━━━━━ SOURCE MATERIAL
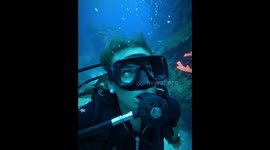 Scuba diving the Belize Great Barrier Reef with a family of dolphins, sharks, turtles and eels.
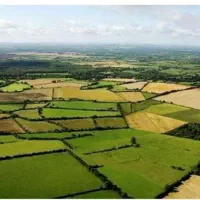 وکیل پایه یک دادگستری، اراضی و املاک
━━━━━━━━━━
━━━━━ SOURCE MATERIAL
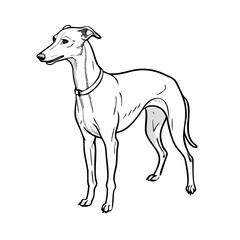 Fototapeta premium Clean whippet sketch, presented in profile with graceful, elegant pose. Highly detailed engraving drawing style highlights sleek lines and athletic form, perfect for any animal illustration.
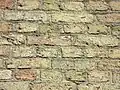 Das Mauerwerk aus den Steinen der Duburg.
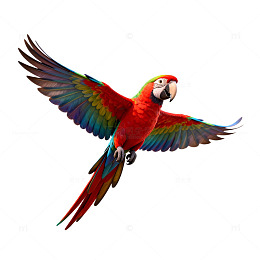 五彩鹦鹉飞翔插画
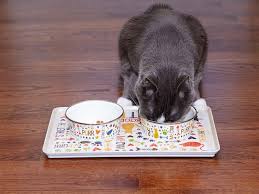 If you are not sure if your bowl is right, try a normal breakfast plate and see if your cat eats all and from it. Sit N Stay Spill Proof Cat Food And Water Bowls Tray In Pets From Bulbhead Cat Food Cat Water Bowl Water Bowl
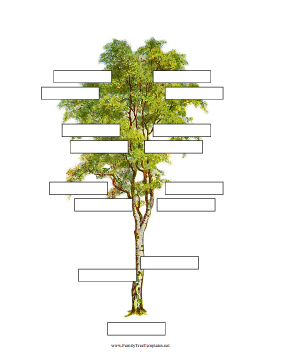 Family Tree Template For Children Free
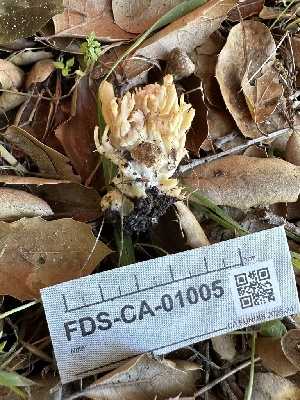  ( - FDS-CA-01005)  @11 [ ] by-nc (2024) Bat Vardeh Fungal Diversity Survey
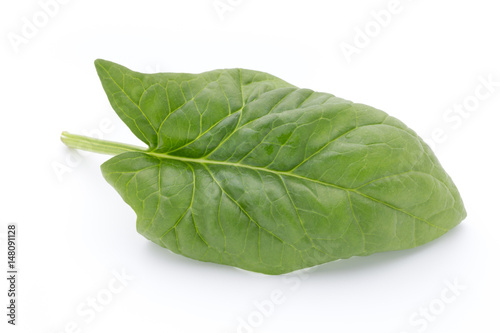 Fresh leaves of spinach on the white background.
━━━━━━━━━━
━━━━━ SOURCE MATERIAL
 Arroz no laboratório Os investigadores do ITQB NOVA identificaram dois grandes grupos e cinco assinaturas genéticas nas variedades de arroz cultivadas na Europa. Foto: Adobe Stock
━━━━━━━━━━
# YOUR GOAL:
Reproduce, word for word, only the lines in the records above from the line with "Das Mauerwerk aus den Steinen der Duburg." through the line with "Fresh leaves of", including both ends; omit the pictures.

# COMPLETED TASK:
 Das Mauerwerk aus den Steinen der Duburg.
 五彩鹦鹉飞翔插画
 If you are not sure if your bowl is right, try a normal breakfast plate and see if your cat eats all and from it. Sit N Stay Spill Proof Cat Food And Water Bowls Tray In Pets From Bulbhead Cat Food Cat Water Bowl Water Bowl
 Family Tree Template For Children Free
  ( - FDS-CA-01005)  @11 [ ] by-nc (2024) Bat Vardeh Fungal Diversity Survey
 Fresh leaves of spinach on the white background.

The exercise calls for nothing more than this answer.